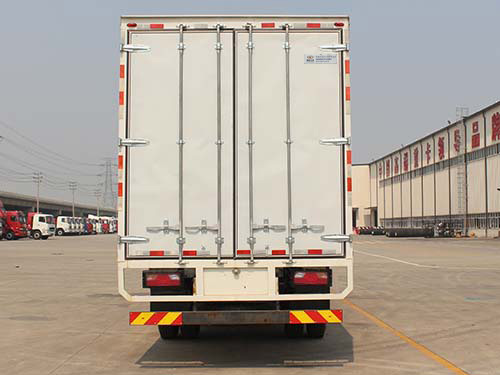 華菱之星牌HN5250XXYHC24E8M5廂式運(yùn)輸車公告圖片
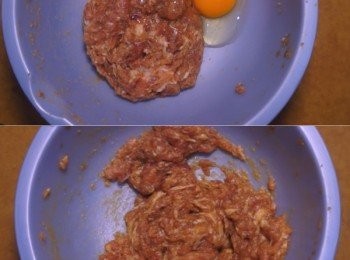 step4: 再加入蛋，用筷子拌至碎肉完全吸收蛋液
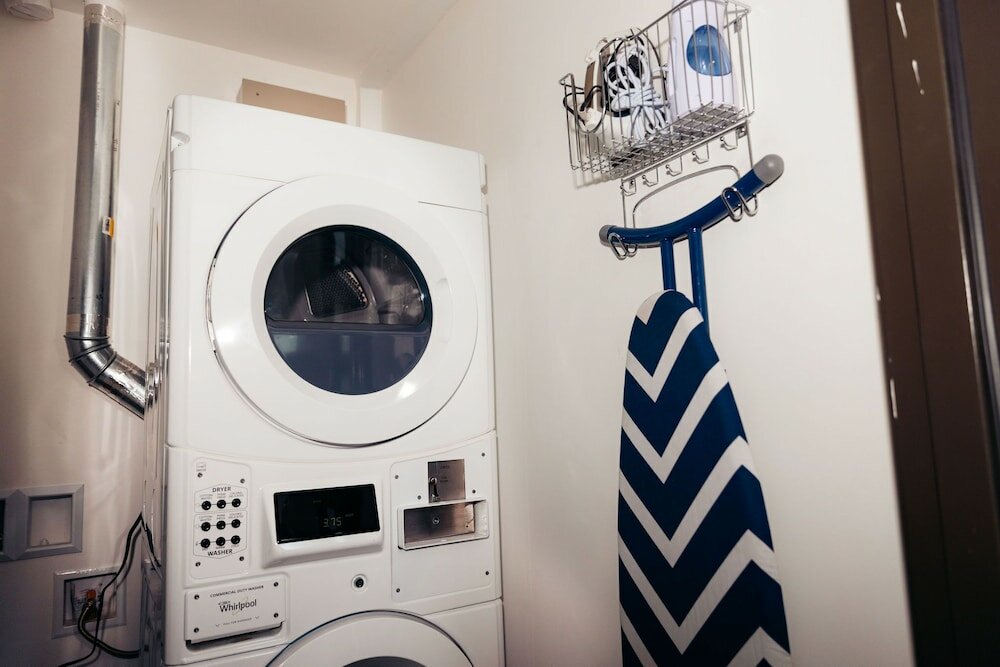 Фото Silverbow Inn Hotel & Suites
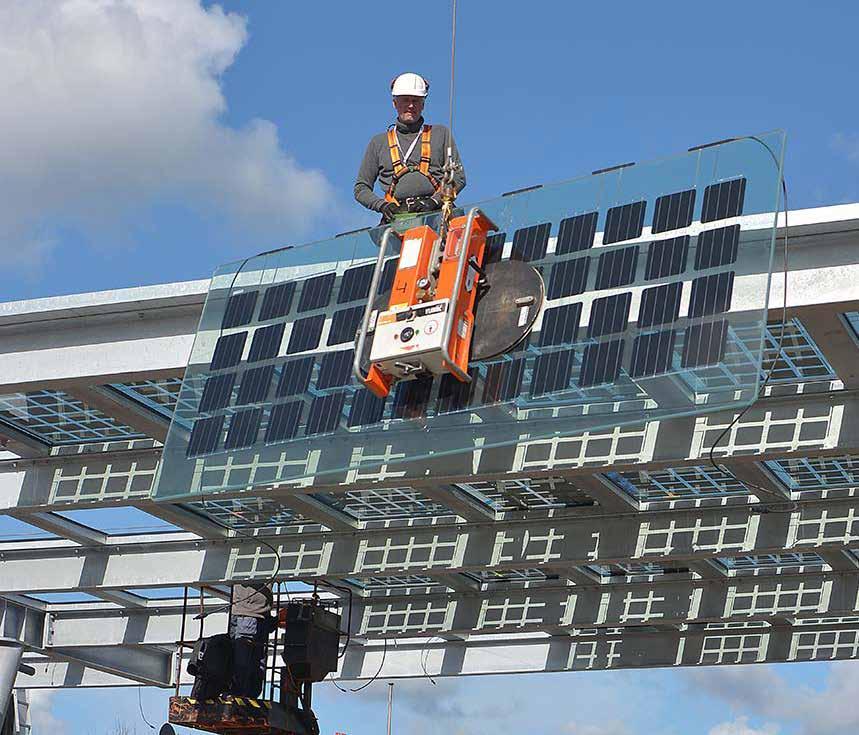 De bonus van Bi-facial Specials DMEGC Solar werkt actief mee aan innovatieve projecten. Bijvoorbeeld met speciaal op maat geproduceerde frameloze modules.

TASK INSTRUCTIONS => When you write out the material, keep every line exact and leave out each picture.

RESPONSE AREA =>
 華菱之星牌HN5250XXYHC24E8M5廂式運(yùn)輸車公告圖片
 step4: 再加入蛋，用筷子拌至碎肉完全吸收蛋液
 Фото Silverbow Inn Hotel & Suites
 De bonus van Bi-facial Specials DMEGC Solar werkt actief mee aan innovatieve projecten. Bijvoorbeeld met speciaal op maat geproduceerde frameloze modules.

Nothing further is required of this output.